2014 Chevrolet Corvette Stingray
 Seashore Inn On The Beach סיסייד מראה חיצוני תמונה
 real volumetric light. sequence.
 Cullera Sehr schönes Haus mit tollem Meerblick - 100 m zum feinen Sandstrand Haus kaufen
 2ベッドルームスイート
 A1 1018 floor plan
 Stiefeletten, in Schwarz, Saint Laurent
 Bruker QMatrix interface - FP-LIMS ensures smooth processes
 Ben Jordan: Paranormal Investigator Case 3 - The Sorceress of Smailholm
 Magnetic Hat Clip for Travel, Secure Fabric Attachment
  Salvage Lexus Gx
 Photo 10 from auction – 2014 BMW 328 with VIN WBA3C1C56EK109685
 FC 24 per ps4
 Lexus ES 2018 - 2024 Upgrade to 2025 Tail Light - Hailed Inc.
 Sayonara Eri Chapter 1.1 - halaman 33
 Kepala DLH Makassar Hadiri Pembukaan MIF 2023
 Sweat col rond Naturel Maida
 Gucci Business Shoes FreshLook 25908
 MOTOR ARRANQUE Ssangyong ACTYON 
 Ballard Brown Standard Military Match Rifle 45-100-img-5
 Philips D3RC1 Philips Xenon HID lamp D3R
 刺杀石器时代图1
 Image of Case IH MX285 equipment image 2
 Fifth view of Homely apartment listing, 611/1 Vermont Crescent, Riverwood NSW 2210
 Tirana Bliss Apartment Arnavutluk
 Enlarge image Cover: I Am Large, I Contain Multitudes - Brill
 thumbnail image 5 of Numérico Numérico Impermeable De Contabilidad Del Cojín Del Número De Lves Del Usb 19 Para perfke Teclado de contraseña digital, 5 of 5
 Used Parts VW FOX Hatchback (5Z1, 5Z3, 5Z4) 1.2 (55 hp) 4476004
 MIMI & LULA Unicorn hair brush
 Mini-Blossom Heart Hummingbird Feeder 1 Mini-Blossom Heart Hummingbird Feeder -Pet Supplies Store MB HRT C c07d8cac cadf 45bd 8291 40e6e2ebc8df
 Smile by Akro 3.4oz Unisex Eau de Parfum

What you should do =
Please return, exactly as written, the line containing "Image of Case IH MX285 equipment image 2" and every line after it through the end of the records above, and nothing else.

Result for this exercise =
 Image of Case IH MX285 equipment image 2
 Fifth view of Homely apartment listing, 611/1 Vermont Crescent, Riverwood NSW 2210
 Tirana Bliss Apartment Arnavutluk
 Enlarge image Cover: I Am Large, I Contain Multitudes - Brill
 thumbnail image 5 of Numérico Numérico Impermeable De Contabilidad Del Cojín Del Número De Lves Del Usb 19 Para perfke Teclado de contraseña digital, 5 of 5
 Used Parts VW FOX Hatchback (5Z1, 5Z3, 5Z4) 1.2 (55 hp) 4476004
 MIMI & LULA Unicorn hair brush
 Mini-Blossom Heart Hummingbird Feeder 1 Mini-Blossom Heart Hummingbird Feeder -Pet Supplies Store MB HRT C c07d8cac cadf 45bd 8291 40e6e2ebc8df
 Smile by Akro 3.4oz Unisex Eau de Parfum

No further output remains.